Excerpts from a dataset
———

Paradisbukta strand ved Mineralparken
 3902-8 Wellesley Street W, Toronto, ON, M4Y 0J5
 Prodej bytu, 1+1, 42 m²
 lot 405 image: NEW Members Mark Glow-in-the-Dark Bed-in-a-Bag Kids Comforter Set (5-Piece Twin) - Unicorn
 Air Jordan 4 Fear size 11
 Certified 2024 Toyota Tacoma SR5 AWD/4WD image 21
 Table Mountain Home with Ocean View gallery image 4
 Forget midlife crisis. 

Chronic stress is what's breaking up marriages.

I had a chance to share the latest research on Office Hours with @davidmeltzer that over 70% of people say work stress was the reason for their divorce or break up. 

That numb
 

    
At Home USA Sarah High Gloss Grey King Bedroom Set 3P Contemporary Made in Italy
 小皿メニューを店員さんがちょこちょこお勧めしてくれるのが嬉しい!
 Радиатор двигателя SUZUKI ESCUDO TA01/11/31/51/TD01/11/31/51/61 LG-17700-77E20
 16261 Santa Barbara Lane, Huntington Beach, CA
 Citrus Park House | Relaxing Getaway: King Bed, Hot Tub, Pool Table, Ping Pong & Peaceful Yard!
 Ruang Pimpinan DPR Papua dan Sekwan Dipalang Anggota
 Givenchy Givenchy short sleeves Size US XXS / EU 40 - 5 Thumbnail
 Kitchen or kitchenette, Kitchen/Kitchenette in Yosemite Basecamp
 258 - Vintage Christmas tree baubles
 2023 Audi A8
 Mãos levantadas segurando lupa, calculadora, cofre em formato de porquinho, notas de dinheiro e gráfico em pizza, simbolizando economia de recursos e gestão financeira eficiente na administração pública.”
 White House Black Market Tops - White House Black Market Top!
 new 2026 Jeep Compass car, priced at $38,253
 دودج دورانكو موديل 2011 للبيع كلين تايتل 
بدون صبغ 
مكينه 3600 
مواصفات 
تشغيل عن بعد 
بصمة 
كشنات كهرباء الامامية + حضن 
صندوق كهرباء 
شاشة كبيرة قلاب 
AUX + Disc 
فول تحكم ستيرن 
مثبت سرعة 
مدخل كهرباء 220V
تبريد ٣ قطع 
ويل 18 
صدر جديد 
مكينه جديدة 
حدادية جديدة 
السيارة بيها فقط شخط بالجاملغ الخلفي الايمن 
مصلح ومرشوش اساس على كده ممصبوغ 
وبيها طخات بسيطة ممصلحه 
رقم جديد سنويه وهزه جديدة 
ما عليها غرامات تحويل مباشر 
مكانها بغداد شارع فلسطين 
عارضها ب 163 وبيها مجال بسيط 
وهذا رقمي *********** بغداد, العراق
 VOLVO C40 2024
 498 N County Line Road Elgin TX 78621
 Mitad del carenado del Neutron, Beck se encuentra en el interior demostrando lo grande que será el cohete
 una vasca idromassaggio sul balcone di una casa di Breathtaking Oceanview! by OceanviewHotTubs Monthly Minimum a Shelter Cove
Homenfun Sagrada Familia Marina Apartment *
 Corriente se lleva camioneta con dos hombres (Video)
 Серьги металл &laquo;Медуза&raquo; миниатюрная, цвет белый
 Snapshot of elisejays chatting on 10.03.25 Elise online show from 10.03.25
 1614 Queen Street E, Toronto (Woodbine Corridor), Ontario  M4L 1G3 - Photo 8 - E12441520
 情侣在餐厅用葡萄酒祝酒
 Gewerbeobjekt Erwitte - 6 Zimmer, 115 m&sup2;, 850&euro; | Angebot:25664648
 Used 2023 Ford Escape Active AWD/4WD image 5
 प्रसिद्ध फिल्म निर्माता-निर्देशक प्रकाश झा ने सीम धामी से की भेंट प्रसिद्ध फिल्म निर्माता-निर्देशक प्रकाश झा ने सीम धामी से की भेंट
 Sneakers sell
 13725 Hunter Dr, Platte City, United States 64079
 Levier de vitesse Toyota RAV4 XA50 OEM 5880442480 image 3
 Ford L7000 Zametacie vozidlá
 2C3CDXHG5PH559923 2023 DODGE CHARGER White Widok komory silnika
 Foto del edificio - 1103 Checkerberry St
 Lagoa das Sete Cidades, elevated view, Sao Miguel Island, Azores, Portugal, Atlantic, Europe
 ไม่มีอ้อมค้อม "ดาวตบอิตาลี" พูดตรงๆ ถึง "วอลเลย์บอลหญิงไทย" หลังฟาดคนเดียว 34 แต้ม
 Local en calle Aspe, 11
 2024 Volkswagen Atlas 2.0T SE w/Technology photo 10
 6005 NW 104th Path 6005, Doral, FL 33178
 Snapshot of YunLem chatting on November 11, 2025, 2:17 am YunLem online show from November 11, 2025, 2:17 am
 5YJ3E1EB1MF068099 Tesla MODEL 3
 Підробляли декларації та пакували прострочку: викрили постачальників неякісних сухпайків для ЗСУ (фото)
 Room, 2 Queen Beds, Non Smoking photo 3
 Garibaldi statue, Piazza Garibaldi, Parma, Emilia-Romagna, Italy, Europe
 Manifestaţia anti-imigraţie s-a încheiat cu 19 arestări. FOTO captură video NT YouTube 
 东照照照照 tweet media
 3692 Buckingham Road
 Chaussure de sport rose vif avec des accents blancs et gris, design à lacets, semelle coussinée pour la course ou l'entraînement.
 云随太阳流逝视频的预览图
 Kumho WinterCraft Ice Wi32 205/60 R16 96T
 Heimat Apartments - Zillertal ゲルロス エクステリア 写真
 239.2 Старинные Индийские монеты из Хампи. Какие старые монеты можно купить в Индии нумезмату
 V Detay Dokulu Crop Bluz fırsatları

———

TASK STATEMENT —
Both the line containing "Citrus Park House" and the line containing "تبريد ٣ قطع" belong in the answer. Print them and every line above that falls between them exactly, and no others.

ANSWER TO THIS EXERCISE —
 Citrus Park House | Relaxing Getaway: King Bed, Hot Tub, Pool Table, Ping Pong & Peaceful Yard!
 Ruang Pimpinan DPR Papua dan Sekwan Dipalang Anggota
 Givenchy Givenchy short sleeves Size US XXS / EU 40 - 5 Thumbnail
 Kitchen or kitchenette, Kitchen/Kitchenette in Yosemite Basecamp
 258 - Vintage Christmas tree baubles
 2023 Audi A8
 Mãos levantadas segurando lupa, calculadora, cofre em formato de porquinho, notas de dinheiro e gráfico em pizza, simbolizando economia de recursos e gestão financeira eficiente na administração pública.”
 White House Black Market Tops - White House Black Market Top!
 new 2026 Jeep Compass car, priced at $38,253
 دودج دورانكو موديل 2011 للبيع كلين تايتل 
بدون صبغ 
مكينه 3600 
مواصفات 
تشغيل عن بعد 
بصمة 
كشنات كهرباء الامامية + حضن 
صندوق كهرباء 
شاشة كبيرة قلاب 
AUX + Disc 
فول تحكم ستيرن 
مثبت سرعة 
مدخل كهرباء 220V
تبريد ٣ قطع 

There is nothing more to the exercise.